Lecture 19: Newton's method
Newton's Method
- The basic idea underlying gradient descent method was to consider the linear approximation of $f$ around current point $x$ and take a step that minimizes this simple function.
- But, how about generalizing this idea and work with a local approximation that is more complex but also provides tighter grasp of $f$? That is, how about approximating $f$ by a quadratic function?
- Specifically, by Taylor theorem we know that \[ f(x+\delta)= f(x) + \nabla f(x)^T \delta + \frac{1}{2} \delta^T\nabla^2 f(x) \delta + O(\|\delta\|^3). \]
- What is the step $\delta^*$ that minimizes this quadratic approximation?
$\Rightarrow$ This approximation is strongly convex, a point is its minimizer iff its gradient (wrt to $\delta$) is zero.
$\Rightarrow$ We need that \[ \nabla f(x) + \nabla^2 f(x) \delta^* = 0. \] (We use here the fact that $\nabla f(x)$ and $\nabla^2f(x)$ do not depend on $\delta$.)
$\Rightarrow$ The resulting Newton's step is \[ \delta^*=-\left(\nabla^2f(x)\right)^{-1} \nabla f(x). \]
- Note: To apply this step we need to either invert the Hessian, or at least solve the linear system $\nabla^2 f(x) z = \nabla f(x)$. (As long as $f$ is strongly convex, $\nabla^2 f(x)\succ 0$, so it is invertible.)
$\Rightarrow$ This can be quite expensive computationally: Gaussian elimination takes $O(n^3)$ time and best matrix multiplication algorithm takes $O(n^\omega)=O(n^{2.37})$ time. So, gradient descent is usually more useful. In some special cases, however, i.e., when the Hessian has some special structure, Netwon's step might have a much faster implementation.
- What is the convergence of this algorithm?
- If our starting point $x^0$ is relatively close to optimum, in a sense of $\nabla^2 f(x^0)\approx \nabla^2 f(x^*)$, i.e., the Hessian at the two points being similar, the convergence is extremely fast. In fact, it depends doubly logarithmically on $\epsilon^{-1}$. (In practice, we never need more than $6$ iterations to get a solution that is essentially optimal.)

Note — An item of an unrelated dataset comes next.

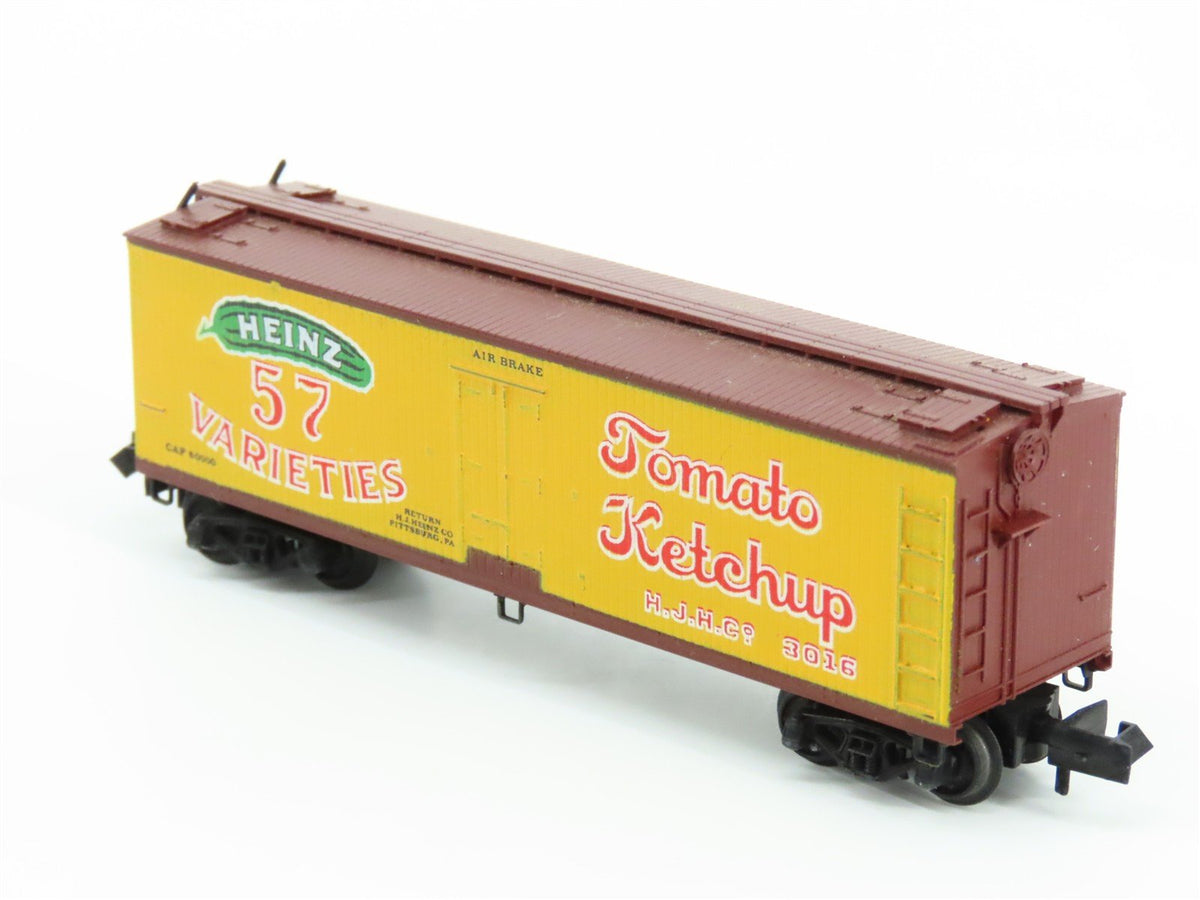N Micro-Trains MTL/Kadee 47021 HJHC Heinz Ketchup 57 40&#39; Reefer Car #3016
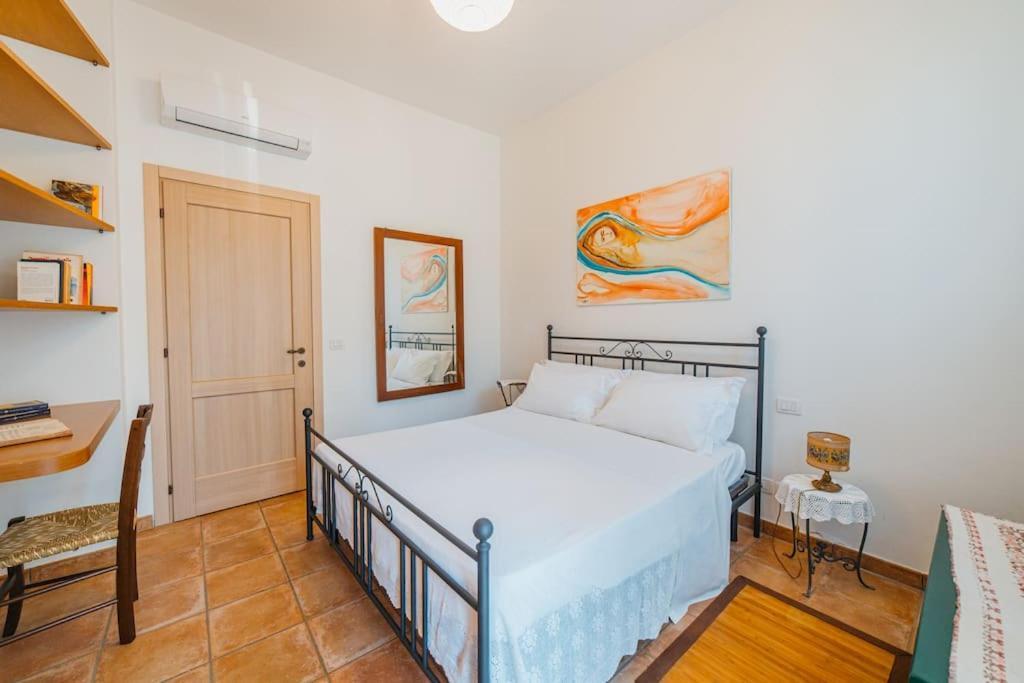 Belvedere House Mazzaro Apartment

- But: As our step is not "dampened" by any step size $\eta>0$, if we don't start sufficiently close to $x^*$ we might not converge at all. Instead, we end up jumping around uncontrollably, as we end up using our local quadratic approximation of $f$ way outside of its region of applicability.
- One can remedy the latter aspect of convergence by introducing a step size $\eta$ that keeps our steps be within the region where our quadratic approximation is still valid.
- Still, the convergence then depends on the "smoothness" of the Hessian of our function. (Instead of smoothness of the gradients, as was the case for gradient descent.)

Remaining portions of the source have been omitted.